Com dois mil planos com efeitos digitais - 95 por cento do filme -, "A Ameaça Fantasma" sai directamente dos jogos de computador. Mesmo a cinefilia (a sequência das corridas, que vem de "Ben Hur", ou a apoteose final, que parece a entrada de Elizabeth Taylor em "Cleópatra", de Mankiewicz, num "kitsch" plastificado e domado) é apenas uma operação de colagem. George Lucas, 55 anos, sabe-o e tem-o assumido em várias entrevistas: fez o filme para uma geração que não é a mesma que delirou com "Star Wars" e correu o risco de a alienar. Esses, gente que andará hoje nos 30 anos, ao protestarem a sua decepção contra duas das personagens do filme, Jar Jar Binks e o vilão Darth Maul (o primeiro, "alívio cómico", "digitalizando" a irreverência irritante dos "sketches" de alguns comediantes negros americanos; o segundo, um ridículo arabesco a partir da silhueta de um praticante de artes marciais), estão apenas a manifestar uma perda e uma impossibilidade de reconhecimento. Entre outras coisas: que não existe nenhuma personagem de "carne e osso" - muito menos o bestiário digital - com que se possam relacionar. Ao regressar ao início, para começar a explicar a saga, "A Ameaça Fantasma" acaba por lhe ser, frustrantemente, exterior. E com todas as possibilidades tecnológicas, o fantasma que ameaça este filme é a neutralização do espectáculo, por "overdose". Perdeu-se um imaginário.

Hoje, George Lucas pode dizer, como o disse, que a saga de "A Guerra das Estrelas" já "não é uma questão de paixão. A minha paixão são os filmes. Sou mais fã dos filmes do que fã de A Guerra das Estrelas". Há qualquer coisa de libertação, sim. Ele libertou-se do peso, mas com isso também se foi a emoção.

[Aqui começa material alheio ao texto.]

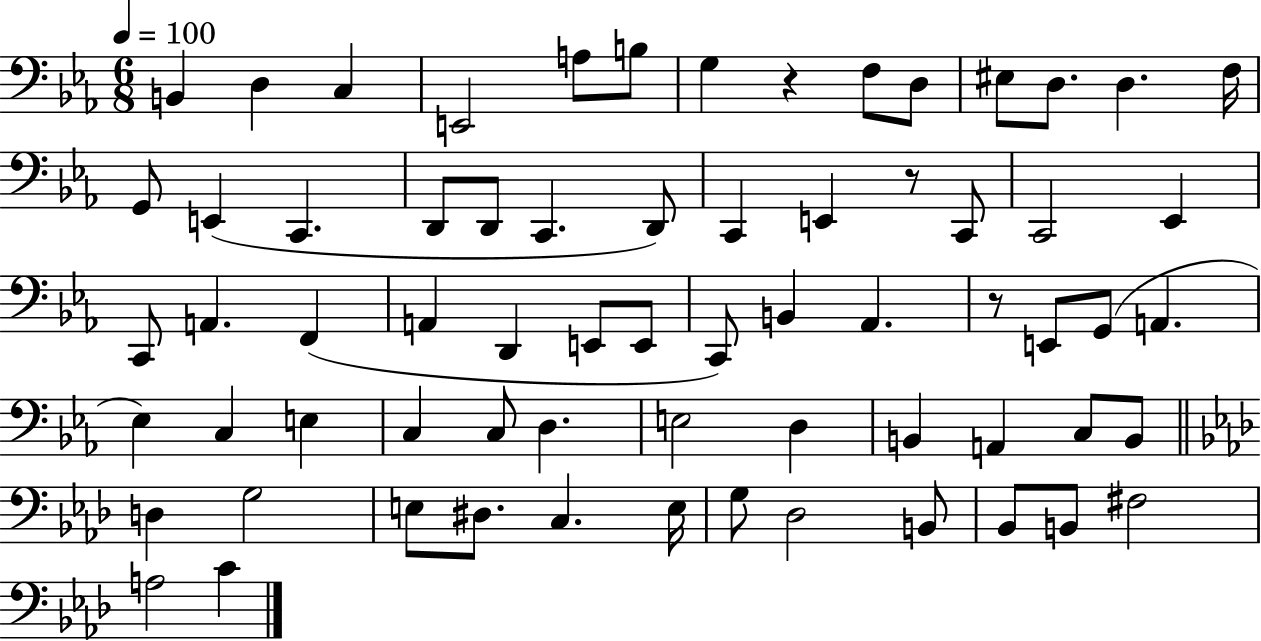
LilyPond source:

{
  \clef bass
  \numericTimeSignature
  \time 6/8
  \key ees \major
  \tempo 4 = 100
  b,4 d4 c4 | e,2 a8 b8 | g4 r4 f8 d8 | eis8 d8. d4. f16 | \break g,8 e,4( c,4. | d,8 d,8 c,4. d,8) | c,4 e,4 r8 c,8 | c,2 ees,4 | \break c,8 a,4. f,4( | a,4 d,4 e,8 e,8 | c,8) b,4 aes,4. | r8 e,8 g,8( a,4. | \break ees4) c4 e4 | c4 c8 d4. | e2 d4 | b,4 a,4 c8 b,8 | \break \bar "||" \break \key f \minor d4 g2 | e8 dis8. c4. e16 | g8 des2 b,8 | bes,8 b,8 fis2 | \break a2 c'4 | \bar "|."
} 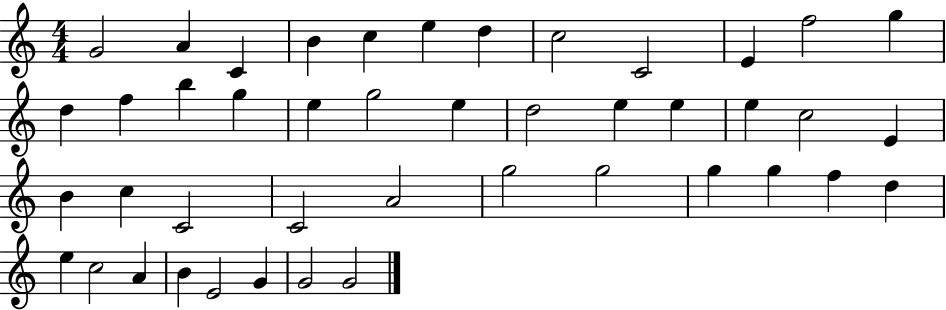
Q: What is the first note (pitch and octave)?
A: G4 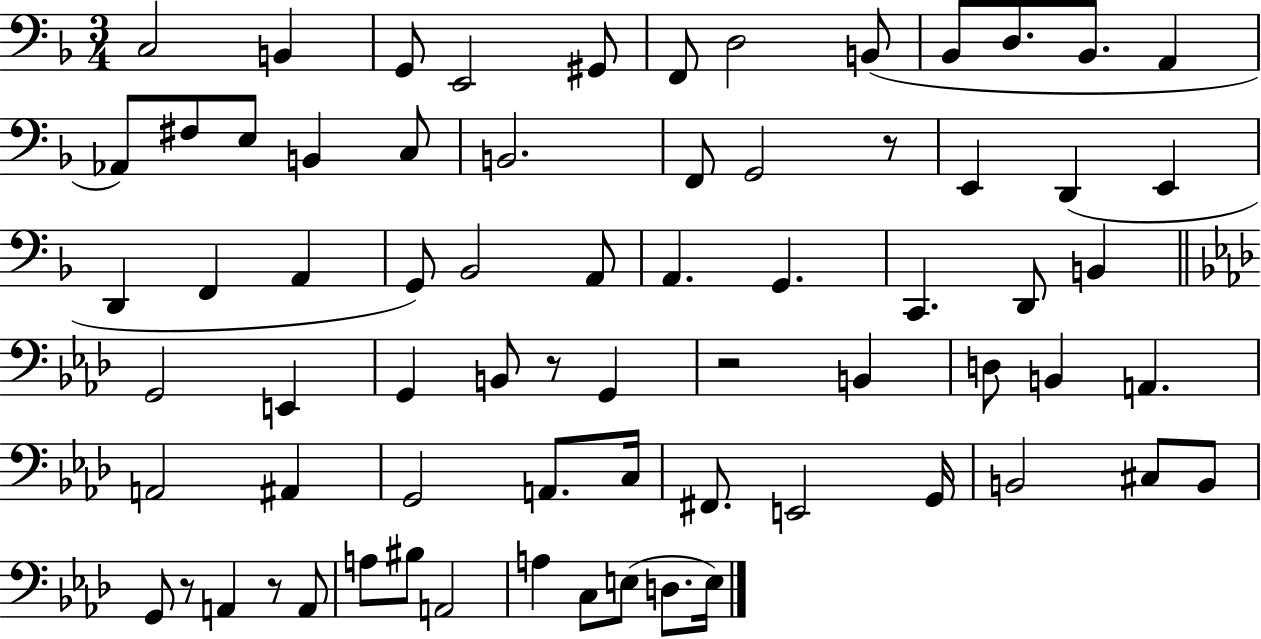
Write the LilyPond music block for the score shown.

{
  \clef bass
  \numericTimeSignature
  \time 3/4
  \key f \major
  \repeat volta 2 { c2 b,4 | g,8 e,2 gis,8 | f,8 d2 b,8( | bes,8 d8. bes,8. a,4 | \break aes,8) fis8 e8 b,4 c8 | b,2. | f,8 g,2 r8 | e,4 d,4( e,4 | \break d,4 f,4 a,4 | g,8) bes,2 a,8 | a,4. g,4. | c,4. d,8 b,4 | \break \bar "||" \break \key aes \major g,2 e,4 | g,4 b,8 r8 g,4 | r2 b,4 | d8 b,4 a,4. | \break a,2 ais,4 | g,2 a,8. c16 | fis,8. e,2 g,16 | b,2 cis8 b,8 | \break g,8 r8 a,4 r8 a,8 | a8 bis8 a,2 | a4 c8 e8( d8. e16) | } \bar "|."
} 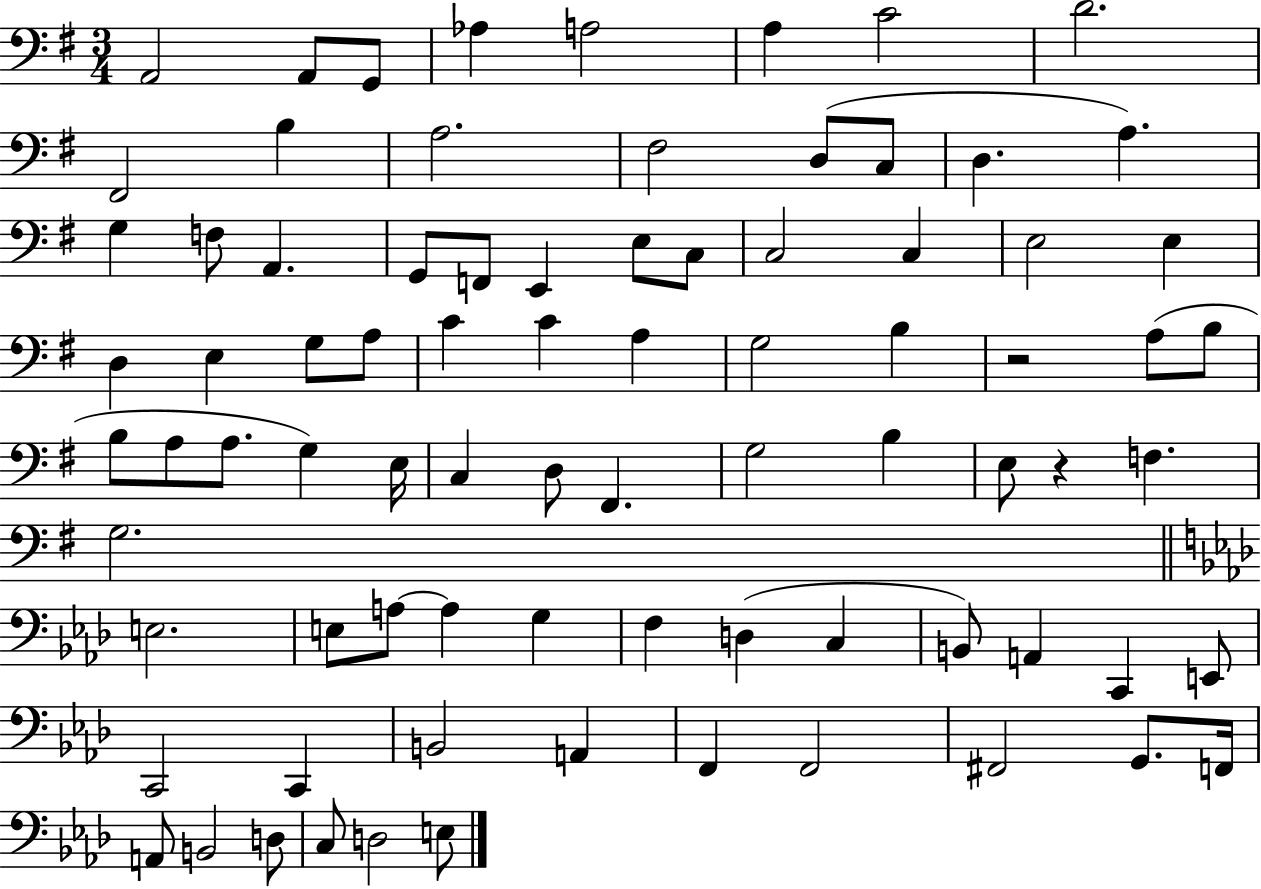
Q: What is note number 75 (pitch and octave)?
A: B2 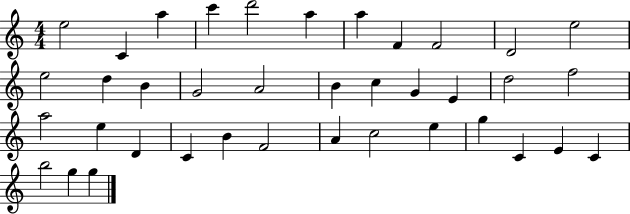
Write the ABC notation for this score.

X:1
T:Untitled
M:4/4
L:1/4
K:C
e2 C a c' d'2 a a F F2 D2 e2 e2 d B G2 A2 B c G E d2 f2 a2 e D C B F2 A c2 e g C E C b2 g g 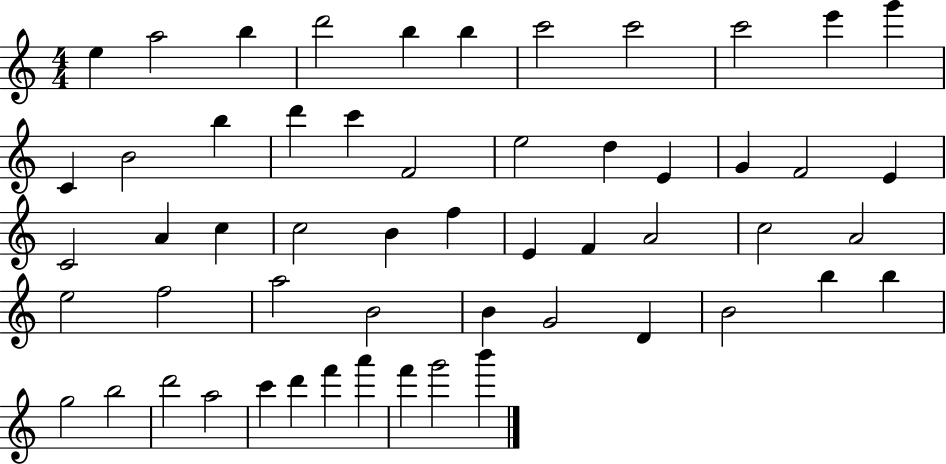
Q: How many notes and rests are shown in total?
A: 55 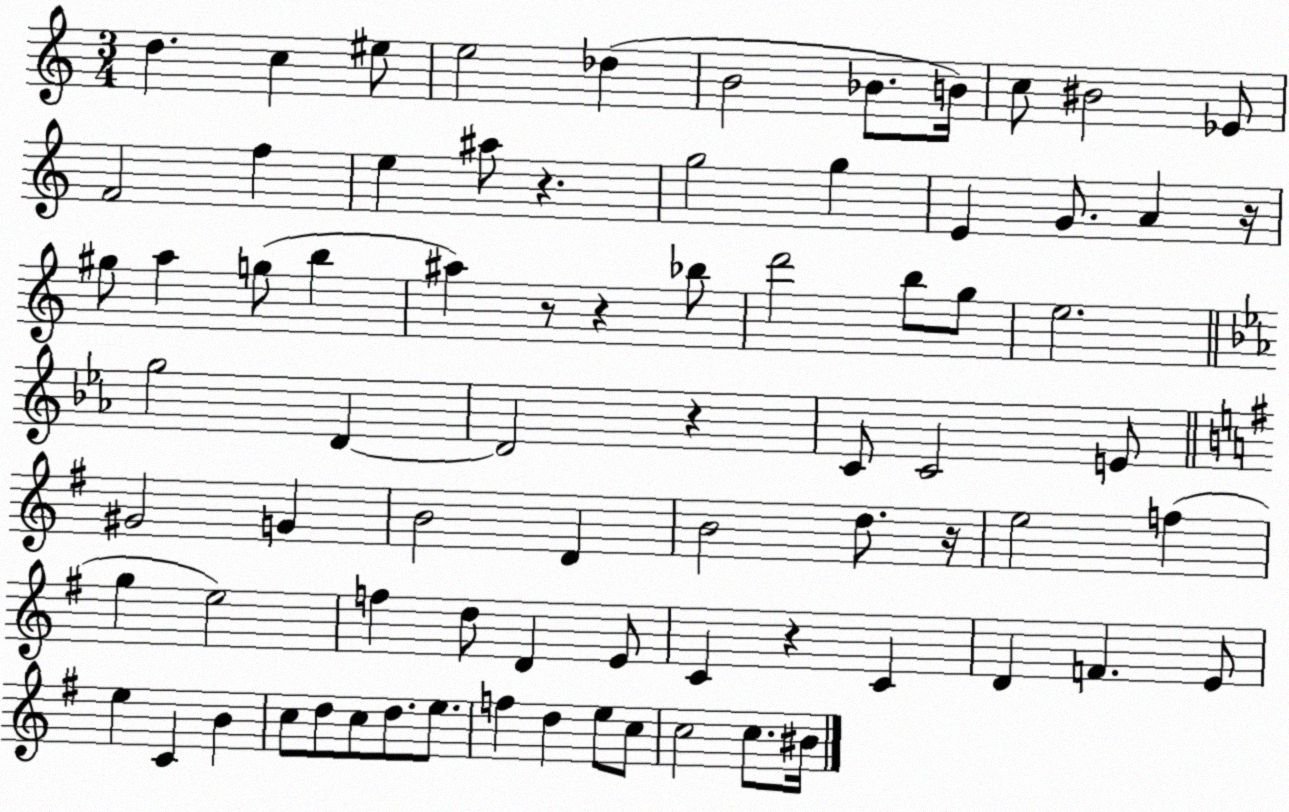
X:1
T:Untitled
M:3/4
L:1/4
K:C
d c ^e/2 e2 _d B2 _B/2 B/4 c/2 ^B2 _E/2 F2 f e ^a/2 z g2 g E G/2 A z/4 ^g/2 a g/2 b ^a z/2 z _b/2 d'2 b/2 g/2 e2 g2 D D2 z C/2 C2 E/2 ^G2 G B2 D B2 d/2 z/4 e2 f g e2 f d/2 D E/2 C z C D F E/2 e C B c/2 d/2 c/2 d/2 e/2 f d e/2 c/2 c2 c/2 ^B/4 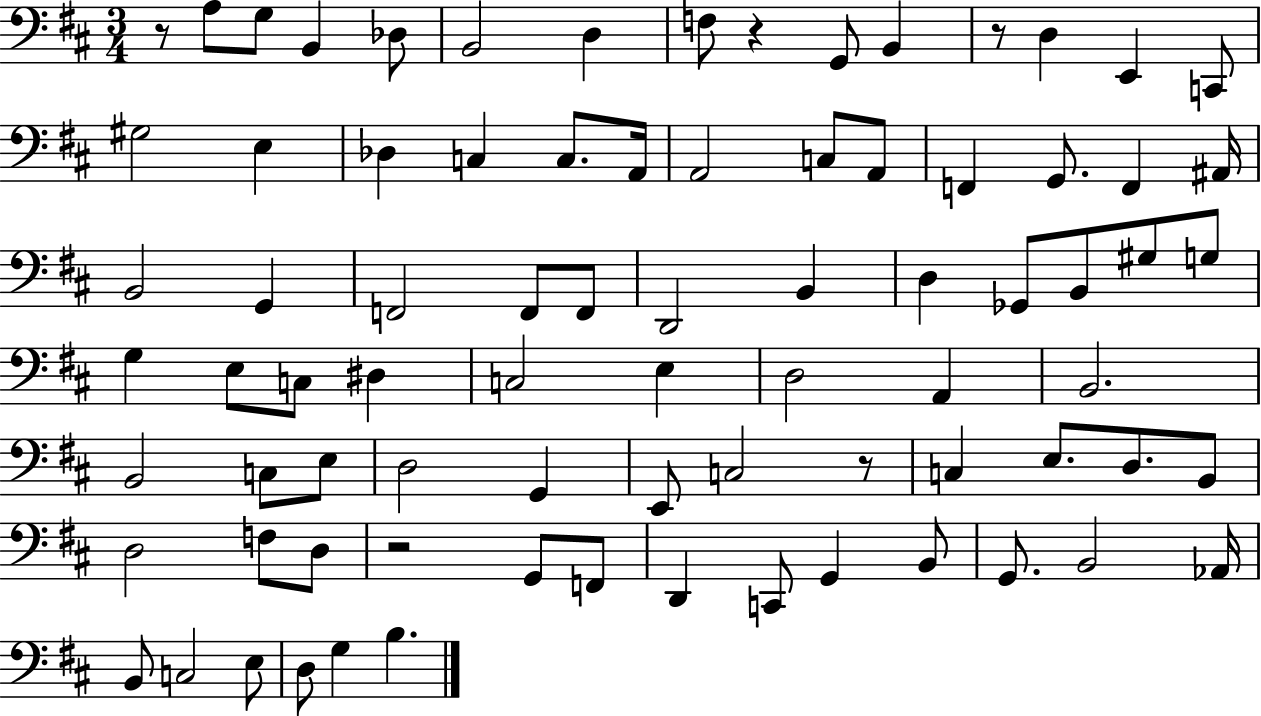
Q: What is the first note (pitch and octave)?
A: A3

Depois deste primeiro episódio, os próximos dois filmes continuarão a contar a história do jovem Obi-Wan Kenobi e de Darth Vader, o pai de Luke - sendo que o percurso do jovem Anakin Skywalker e a sua deriva até se tornar na figura de negro é uma espécie de refrão musical que repete o percurso de Luke Skywalker na trilogia já conhecida. O segundo filme "será uma história de amor", o terceiro "será mais negro, uma tragédia, em que as personagens principais serão Yoda, Obi-Wan Kenobi, Anakin e a Rainha Amidala", explicou Lucas.

Daqui a 10 anos, vão poder ver-se os seis filmes, ficando para já nos domínios do sonho a concretização dos episódios sete, oito e nove - que contaria a vida de adulto de Luke Skywalker. Foi em tempos, "há muito, muito tempo", que as letras subiram no genérico dos ecrãs de cinema para contar uma história numa "galáxia muito, muito distante".